C’est peu dire que, pour Pékin, la perspective d’une situation chaotique échappant même au contrôle des Taliban est le pire développement possible.
Il y va en effet de la sécurité de ses ressortissants expatriés, de la viabilité de ses vastes projets miniers (entre autres, d’or, de cuivre, de lithium et de pétrole) et de ses chantiers de construction d’infrastructures, notamment la voie ferrée reliant l’Ouzbékistan au Pakistan par Mazar el Sharif avec, éventuellement, une bretelle vers Kaboul.

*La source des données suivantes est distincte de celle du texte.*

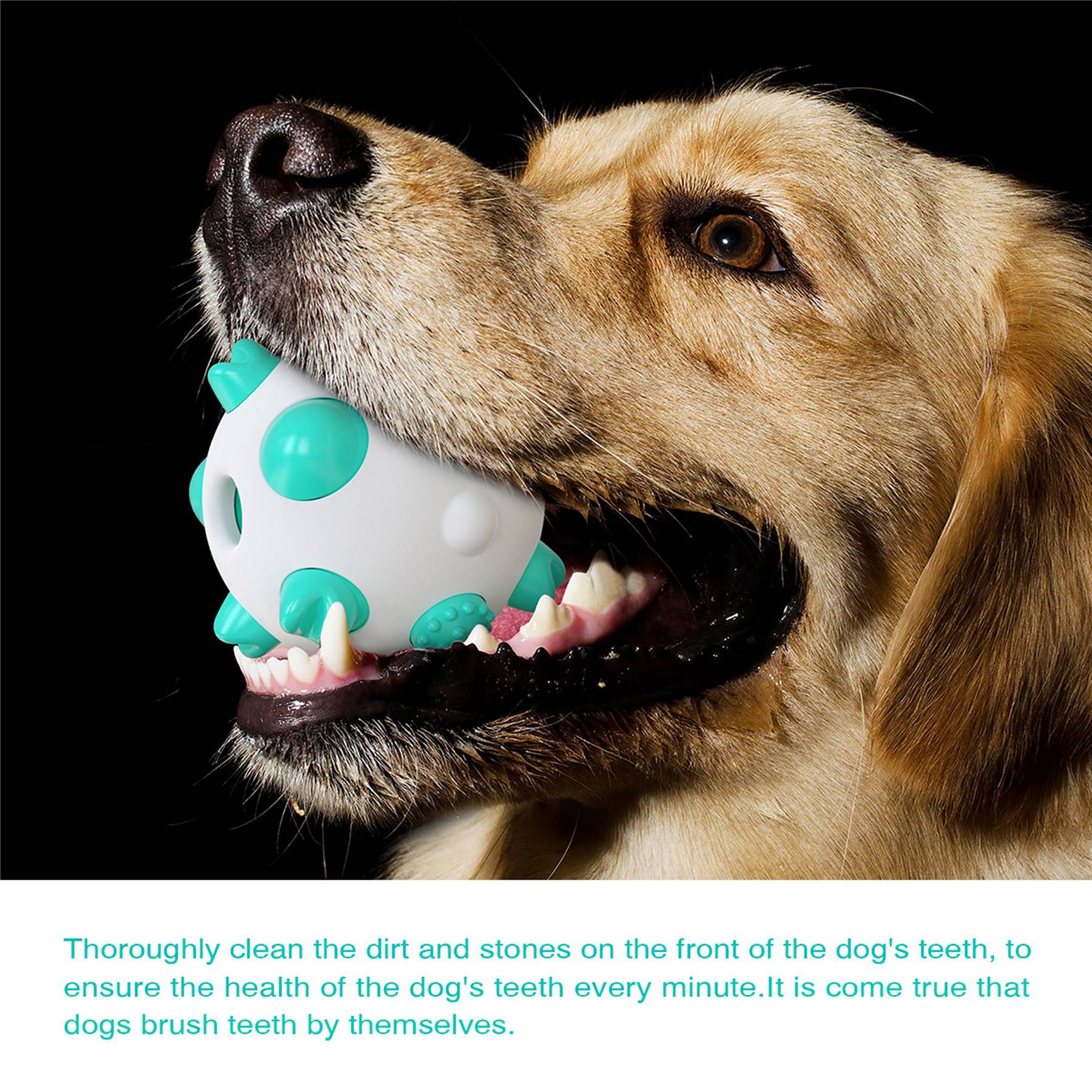 Rubber Spherical Chewing Resistant Dog Molar Stick Toy 5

C’est bien pour cette raison que, bien avant la chute de Kaboul, le 5 août, hiérarchisant les menaces islamistes en Afghanistan, Wang Yiwei Directeur de l’Institut des relations internationales et du Centre des études européennes à l’université du Peuple de Pékin, assimila les Talibans à une « Armée Populaire de Libération afghane ».

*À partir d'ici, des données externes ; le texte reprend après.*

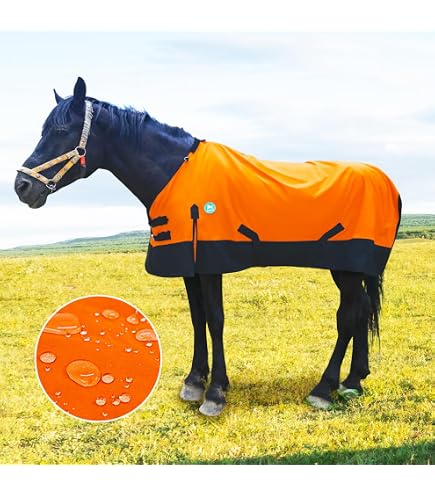 Rugged Ride 600 Denier Waterproof Adjustable Neck Turnout Blanket 200 Gram Fill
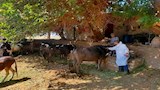 تحصين 76 ألف رأس ماشية ضد الحمى القلاعية والوادي المتصدع بالمنيا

Les anciennes traces chinoises dans le « cimetière des Empires ».

La carte montre l’extension vers l’Ouest des influences militaires et administratives de l’Empire Tang jusqu’aux commanderies militaires des protectorats du nord et de l’est de l’actuel Afghanistan. Depuis les premiers Han, ces régions qui ouvraient vers la Perse, furent les voies de passage des routes de la soie.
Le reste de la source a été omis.